Hamburg. Virtuelle Realität, Virtual Reality (VR), wird langfristig unser Sehverhalten verändern. Ein Gespräch mit zwei Hamburger Experten.

Man sieht sie noch nicht oft – aber doch immer häufiger: Menschen mit großen dunklen Brillen vor den Augen, die ihre Köpfe auffällig hin- und herbewegen. Mittlerweile sind mehrere Modelle auf dem Markt. Wer sie aufsetzt, kann mithilfe von Computerprogrammen in Welten eintauchen, die real wirken, obwohl sie es gar nicht sind. Virtual Reality (VR) lautet das Stichwort. Wie wird diese Technologie in Zukunft unseren Alltag beeinflussen? Welche Auswirkungen könnte das auf den Medienstandort Hamburg haben? Ein Gespräch mit Professor Frank Steinicke, Informatiker und Spezialist für Mensch-Computer-Interaktion an der Universität Hamburg, und Michael Lehmann, Produktionschef von Studio Hamburg.

Welche Lebens­bereiche werden in Zukunft von Virtual Reality beeinflusst?

Frank Steinicke, Informatiker und Spezialist für Mensch-Computer-Interaktion
Frank Steinicke, Informatiker und Spezialist für Mensch-Computer-Interaktion © Universität Hamburg | Universität Hamburg

Frank Steinicke: Die Technologie gibt es seit fast 60 Jahren. In den 90ern gab es schon einmal einen Hype, aber erst jetzt, da sich der Smartphone-Bereich so enorm entwickelt hat, profitiert auch die Virtual-Reality-Technologie davon. Wir haben jetzt also endlich die Möglichkeit, diese Technologien kostengünstig zu verwenden. Ich glaube, ­Virtual Reality wird vor allem folgende Bereiche verändern: Games-Entertainment, Tourismus, Architektur und die Kommunikation im Bereich Social ­Media.

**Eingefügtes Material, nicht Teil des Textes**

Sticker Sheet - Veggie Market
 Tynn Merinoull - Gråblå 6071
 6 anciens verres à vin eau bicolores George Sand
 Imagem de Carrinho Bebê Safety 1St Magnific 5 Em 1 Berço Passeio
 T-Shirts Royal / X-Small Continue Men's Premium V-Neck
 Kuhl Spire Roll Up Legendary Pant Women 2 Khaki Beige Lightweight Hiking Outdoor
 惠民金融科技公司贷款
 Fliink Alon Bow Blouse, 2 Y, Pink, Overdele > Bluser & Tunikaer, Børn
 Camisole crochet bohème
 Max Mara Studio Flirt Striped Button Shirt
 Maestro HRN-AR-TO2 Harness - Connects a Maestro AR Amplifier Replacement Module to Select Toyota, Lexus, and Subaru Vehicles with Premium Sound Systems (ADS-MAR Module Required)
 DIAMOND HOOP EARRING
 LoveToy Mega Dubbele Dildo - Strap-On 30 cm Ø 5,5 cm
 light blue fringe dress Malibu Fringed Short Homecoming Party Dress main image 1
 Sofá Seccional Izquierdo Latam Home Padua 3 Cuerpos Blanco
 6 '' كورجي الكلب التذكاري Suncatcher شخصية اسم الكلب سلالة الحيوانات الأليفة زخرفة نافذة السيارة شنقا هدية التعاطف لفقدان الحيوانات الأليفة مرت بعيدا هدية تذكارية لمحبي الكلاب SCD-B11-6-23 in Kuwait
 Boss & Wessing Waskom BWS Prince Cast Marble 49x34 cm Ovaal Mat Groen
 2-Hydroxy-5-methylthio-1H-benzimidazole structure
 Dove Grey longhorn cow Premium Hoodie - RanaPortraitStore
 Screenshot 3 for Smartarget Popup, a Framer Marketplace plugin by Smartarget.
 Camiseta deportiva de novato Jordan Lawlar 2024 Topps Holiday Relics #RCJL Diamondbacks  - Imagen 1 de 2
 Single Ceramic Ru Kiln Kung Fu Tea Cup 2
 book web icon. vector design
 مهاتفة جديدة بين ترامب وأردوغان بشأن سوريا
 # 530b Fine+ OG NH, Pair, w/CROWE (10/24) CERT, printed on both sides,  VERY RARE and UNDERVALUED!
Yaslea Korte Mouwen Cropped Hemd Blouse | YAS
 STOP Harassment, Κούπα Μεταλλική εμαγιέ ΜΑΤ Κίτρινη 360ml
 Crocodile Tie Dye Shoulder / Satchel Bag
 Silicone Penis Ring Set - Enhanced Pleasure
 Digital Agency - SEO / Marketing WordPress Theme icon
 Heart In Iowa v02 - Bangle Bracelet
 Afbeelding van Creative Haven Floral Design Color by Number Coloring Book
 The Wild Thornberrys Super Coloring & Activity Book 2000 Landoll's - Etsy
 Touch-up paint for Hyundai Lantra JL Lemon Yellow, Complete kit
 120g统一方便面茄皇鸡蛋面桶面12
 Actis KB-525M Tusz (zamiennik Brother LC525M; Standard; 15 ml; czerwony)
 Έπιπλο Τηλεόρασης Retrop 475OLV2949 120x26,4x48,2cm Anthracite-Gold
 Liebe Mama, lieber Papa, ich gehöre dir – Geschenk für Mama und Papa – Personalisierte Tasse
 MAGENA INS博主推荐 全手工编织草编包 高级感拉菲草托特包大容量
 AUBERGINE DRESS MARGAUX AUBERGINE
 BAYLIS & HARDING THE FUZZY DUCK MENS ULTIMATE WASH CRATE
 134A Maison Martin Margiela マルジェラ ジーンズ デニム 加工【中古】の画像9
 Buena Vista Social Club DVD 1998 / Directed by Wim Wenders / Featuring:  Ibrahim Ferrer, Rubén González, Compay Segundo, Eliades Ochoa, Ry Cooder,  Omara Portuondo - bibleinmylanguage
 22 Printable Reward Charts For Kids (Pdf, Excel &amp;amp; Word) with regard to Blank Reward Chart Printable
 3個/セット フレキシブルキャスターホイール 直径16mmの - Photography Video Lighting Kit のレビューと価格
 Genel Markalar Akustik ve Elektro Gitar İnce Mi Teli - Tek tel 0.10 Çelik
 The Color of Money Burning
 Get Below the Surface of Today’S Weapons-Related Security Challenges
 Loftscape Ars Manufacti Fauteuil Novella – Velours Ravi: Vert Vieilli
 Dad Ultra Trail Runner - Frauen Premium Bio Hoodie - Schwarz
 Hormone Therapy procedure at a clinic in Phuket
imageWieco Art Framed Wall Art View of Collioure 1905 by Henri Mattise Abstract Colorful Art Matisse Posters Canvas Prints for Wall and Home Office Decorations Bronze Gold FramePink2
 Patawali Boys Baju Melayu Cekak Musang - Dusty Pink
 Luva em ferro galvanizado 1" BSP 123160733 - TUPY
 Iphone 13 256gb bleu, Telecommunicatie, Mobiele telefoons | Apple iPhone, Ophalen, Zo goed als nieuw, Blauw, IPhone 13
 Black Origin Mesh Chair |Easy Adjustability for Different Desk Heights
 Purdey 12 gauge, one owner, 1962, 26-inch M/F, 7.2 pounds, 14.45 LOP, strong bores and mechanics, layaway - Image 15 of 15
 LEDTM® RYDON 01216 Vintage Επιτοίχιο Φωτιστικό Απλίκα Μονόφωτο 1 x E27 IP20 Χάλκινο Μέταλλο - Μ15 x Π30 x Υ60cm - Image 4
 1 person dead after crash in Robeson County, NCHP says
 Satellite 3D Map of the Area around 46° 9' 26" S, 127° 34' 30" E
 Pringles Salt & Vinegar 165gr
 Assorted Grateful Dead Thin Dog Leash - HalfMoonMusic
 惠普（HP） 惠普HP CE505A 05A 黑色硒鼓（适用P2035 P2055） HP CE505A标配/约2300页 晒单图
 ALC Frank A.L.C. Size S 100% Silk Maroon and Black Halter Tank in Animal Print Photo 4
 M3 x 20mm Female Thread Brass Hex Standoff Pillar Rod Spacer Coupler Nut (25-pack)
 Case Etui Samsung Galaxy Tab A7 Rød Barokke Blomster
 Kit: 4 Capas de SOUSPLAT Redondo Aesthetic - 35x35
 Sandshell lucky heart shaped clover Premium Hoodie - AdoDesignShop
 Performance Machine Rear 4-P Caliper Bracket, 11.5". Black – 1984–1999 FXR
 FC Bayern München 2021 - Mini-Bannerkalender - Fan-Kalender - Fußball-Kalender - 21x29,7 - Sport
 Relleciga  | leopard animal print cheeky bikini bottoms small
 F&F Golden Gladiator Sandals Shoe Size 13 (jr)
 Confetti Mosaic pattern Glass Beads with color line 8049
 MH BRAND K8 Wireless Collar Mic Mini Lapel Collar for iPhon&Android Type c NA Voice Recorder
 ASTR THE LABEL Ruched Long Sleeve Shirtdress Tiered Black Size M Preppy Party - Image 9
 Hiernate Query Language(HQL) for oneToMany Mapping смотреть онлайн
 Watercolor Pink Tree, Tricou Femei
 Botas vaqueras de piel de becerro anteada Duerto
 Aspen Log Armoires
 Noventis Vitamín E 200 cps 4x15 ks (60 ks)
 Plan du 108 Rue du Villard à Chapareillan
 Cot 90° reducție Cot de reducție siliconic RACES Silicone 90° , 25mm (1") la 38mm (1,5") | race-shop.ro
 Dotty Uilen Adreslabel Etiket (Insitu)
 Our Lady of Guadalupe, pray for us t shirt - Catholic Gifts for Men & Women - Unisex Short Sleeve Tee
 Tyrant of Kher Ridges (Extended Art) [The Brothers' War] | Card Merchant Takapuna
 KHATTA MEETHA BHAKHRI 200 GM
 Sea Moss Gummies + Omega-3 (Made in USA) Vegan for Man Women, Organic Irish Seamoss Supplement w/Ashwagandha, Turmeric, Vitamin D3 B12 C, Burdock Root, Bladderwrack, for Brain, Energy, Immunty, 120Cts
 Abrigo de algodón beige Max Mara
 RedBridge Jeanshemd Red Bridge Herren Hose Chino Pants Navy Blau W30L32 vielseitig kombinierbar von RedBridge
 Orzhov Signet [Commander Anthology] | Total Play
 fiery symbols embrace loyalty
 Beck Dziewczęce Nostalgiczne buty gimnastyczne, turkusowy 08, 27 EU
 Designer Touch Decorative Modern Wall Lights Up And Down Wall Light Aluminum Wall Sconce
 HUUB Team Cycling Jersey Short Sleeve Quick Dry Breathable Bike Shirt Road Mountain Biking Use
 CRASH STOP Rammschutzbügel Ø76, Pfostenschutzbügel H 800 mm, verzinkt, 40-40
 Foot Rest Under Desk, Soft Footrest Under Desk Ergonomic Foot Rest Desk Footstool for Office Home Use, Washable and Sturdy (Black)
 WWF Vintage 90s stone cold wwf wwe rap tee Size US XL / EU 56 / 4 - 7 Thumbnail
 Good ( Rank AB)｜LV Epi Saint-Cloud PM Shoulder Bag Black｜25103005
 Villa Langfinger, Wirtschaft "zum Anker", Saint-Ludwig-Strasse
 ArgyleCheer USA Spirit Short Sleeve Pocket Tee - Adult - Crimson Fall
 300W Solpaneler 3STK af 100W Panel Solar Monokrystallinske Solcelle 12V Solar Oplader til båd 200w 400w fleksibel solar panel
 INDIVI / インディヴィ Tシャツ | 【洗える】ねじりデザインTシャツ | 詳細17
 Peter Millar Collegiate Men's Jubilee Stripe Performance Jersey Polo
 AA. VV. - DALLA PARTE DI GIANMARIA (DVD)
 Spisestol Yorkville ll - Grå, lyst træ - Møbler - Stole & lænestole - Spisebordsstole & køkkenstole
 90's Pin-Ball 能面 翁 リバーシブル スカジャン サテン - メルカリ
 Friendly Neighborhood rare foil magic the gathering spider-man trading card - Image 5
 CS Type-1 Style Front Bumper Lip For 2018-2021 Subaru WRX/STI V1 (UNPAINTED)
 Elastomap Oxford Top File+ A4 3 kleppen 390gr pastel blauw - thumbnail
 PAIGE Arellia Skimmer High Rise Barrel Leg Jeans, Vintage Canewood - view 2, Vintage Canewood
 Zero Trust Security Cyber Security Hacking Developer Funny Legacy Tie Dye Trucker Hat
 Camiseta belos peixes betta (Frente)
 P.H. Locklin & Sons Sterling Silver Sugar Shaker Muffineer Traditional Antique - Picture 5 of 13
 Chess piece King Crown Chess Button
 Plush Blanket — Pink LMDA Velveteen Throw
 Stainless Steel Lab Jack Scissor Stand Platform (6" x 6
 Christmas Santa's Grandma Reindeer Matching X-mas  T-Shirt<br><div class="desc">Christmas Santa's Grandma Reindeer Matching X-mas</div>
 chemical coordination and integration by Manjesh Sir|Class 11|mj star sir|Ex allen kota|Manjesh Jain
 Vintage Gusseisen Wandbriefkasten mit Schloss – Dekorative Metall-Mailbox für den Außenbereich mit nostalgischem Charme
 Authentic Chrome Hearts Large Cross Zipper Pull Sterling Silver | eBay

Was bedeutet das für ein Studio, das Unterhaltung herstellt?

Michael Lehmann, Geschäftsführer der Studio Hamburg Produktion Gruppe (SHPG)
Michael Lehmann, Geschäftsführer der Studio Hamburg Produktion Gruppe (SHPG) © Pressebild.de/Bertold Fabricius | Pressebild.de/Bertold Fabricius

Michael Lehmann: Es ist für uns die große Herausforderung herauszufinden, wie wir das unseren Zuschauern näherbringen können. Wie kann man in althergebrachte Sehgewohnheiten neue Elemente einflechten, um sie an neue Ideen heranzuführen? Wir haben uns darauf geeinigt, dass wir das im Bereich Fiktion erst einmal nach ganz hinten stellen. Es werden zwar von Studenten immer wieder spannende Projekte aus diesem Bereich an uns herangetragen, aber sie sind noch zu singulär. Grundsätzlich muss ein Umdenken stattfinden. Um einen Film herum können wir Welten entstehen lassen und dem Zuschauer Teilaspekte des Films über Virtual Reality näherbringen. Eins muss allen klar sein: Das Projekt hört nicht auf bei der Ausstrahlung im TV. Wir fragen uns, ob sich ein neuer Geschäftsbereich ergibt oder ob es Zusatzapplikationen gibt, die wir in bestehende Projekte einbringen können.

Können Sie?

Lehmann: Im Dokumentations- und Entertainment-Bereich werden wir es wohl auf lange Sicht integrieren können, insbesondere beim Naturfilm. Sich in diese Welten hineinbewegen zu können hat etwas Haptisches. Das wird auch das Sehverhalten verändern.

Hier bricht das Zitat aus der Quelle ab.